#### Material provided:
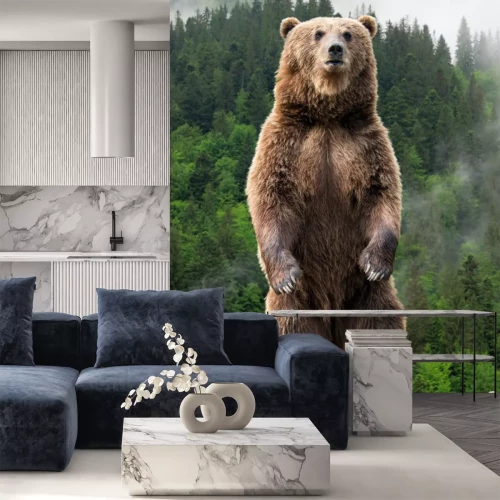 Fototapete Ein großer Braunbär vor einer nebligen Landschaft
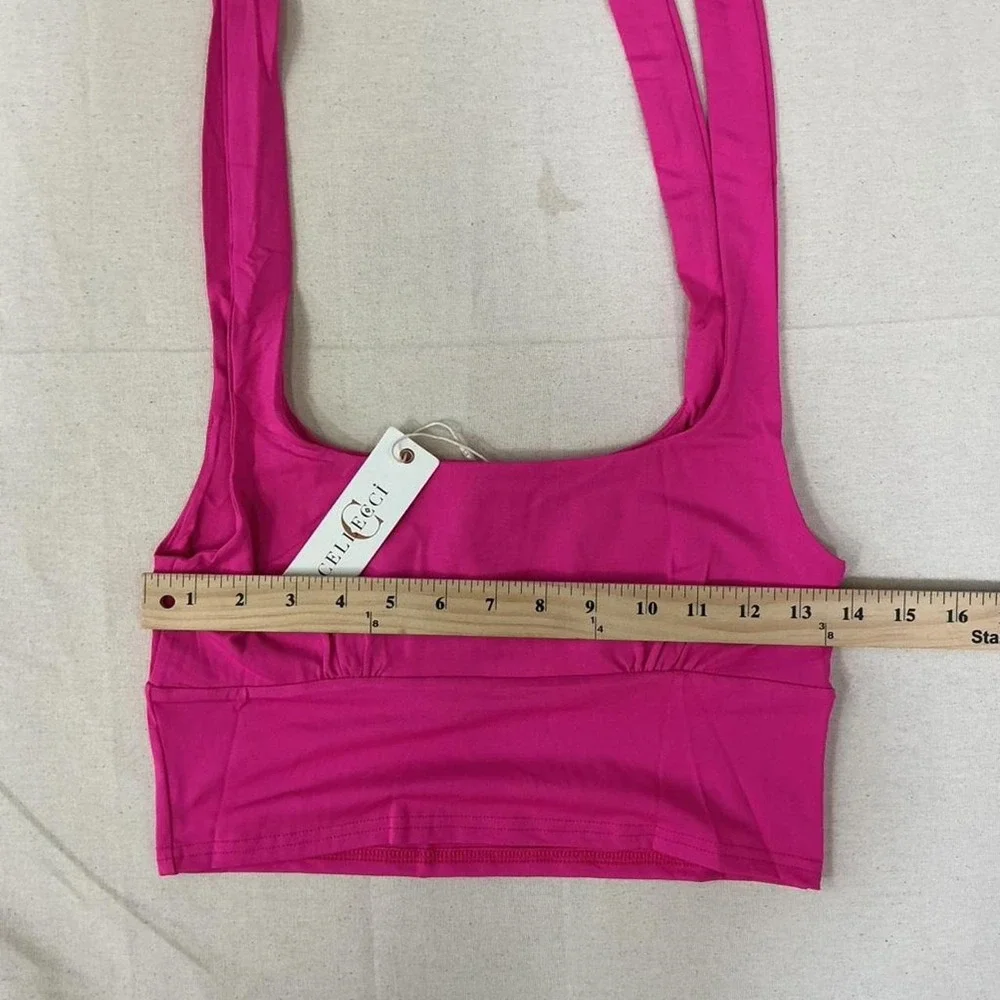 CELLECCI hot‎ pink crop top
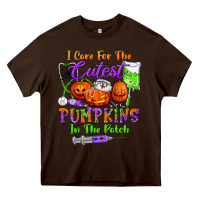Chocolate Brown i care for the cutest pumpkins in the patch Heavy Core Tee - BundleAndBundleShop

#### Exercise objective:
The data above must be written out again word for word, without its pictures.

#### Result for this task:
 Fototapete Ein großer Braunbär vor einer nebligen Landschaft
 CELLECCI hot‎ pink crop top
Chocolate Brown i care for the cutest pumpkins in the patch Heavy Core Tee - BundleAndBundleShop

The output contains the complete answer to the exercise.